Amy and Meaghan are experts on writing grant proposals.
It takes lots of grants to fund these pimpin' gold chains. |
Step 1: Start Drinking.
Okay, okay, chill out and please put the vodka bottle down: what you are drinking does NOT have to be alcohol... and in many cases it really shouldn't be. Here's a figure that explains why drinking booze doesn't always equal good writing:
Not included is the phase where you procrastinate writing grant proposals by getting meta and writing a blog post about writing grant proposals. |
Falling into the baby-tapir trap is all well and good when it's 10:00 at night because frankly, it's pretty much time to sleep anyways and who doesn't want to dream about that sort of adorableness, but it's pretty bad when it's 10:00 in the morning. Also, proposals are much more than merely intros and references, so you're going to need a little bit more constructive writing time than the wine-curve will really grant you.

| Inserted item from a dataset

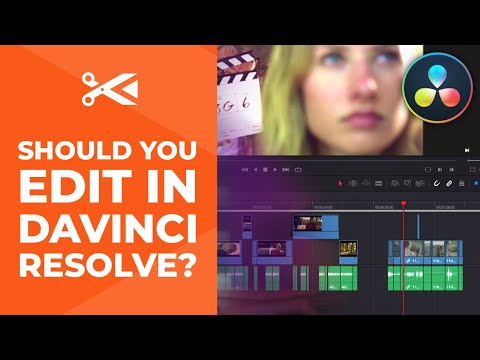 Should You Actually EDIT in DaVinci Resolve? -- PROS vs CONS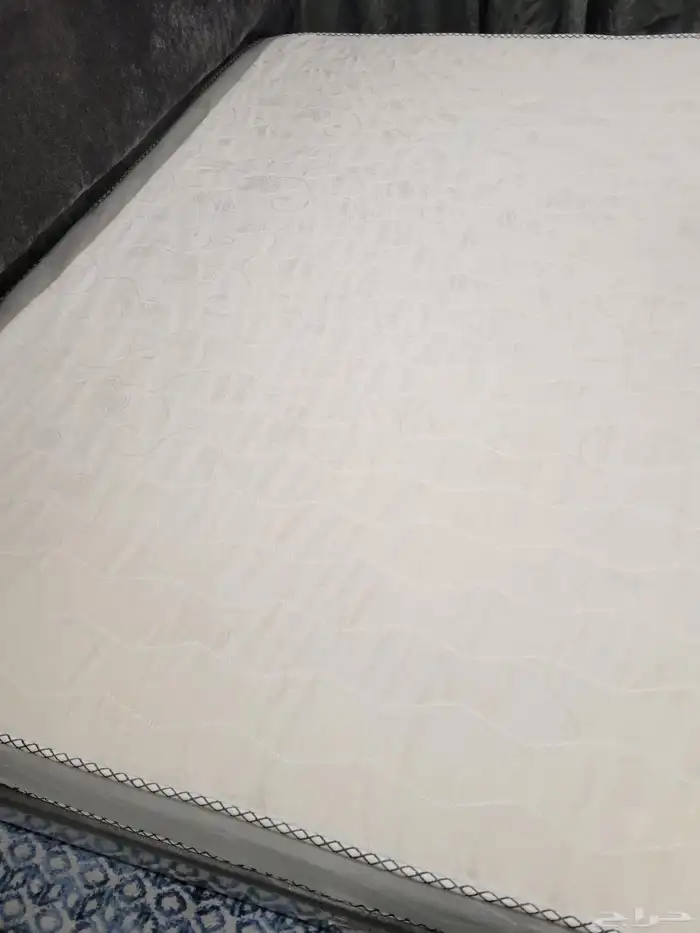 مرتبه نفرين ولباد نفرين ارتفاع 14 سانطي ومفرش فندقي 4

But you should be drinking SOMETHING, ideally something delicious, and here's why:
- You know how athletes have weird, superstitious pre-game rituals that get them into the right mindset? That's what the off-click of the electric tea kettle, or clink of ice cubes in a glass can become. Settling your brain into a "yes writing now" rhythm is a good thing, and creating a pre-game ritual will help establish that quickly.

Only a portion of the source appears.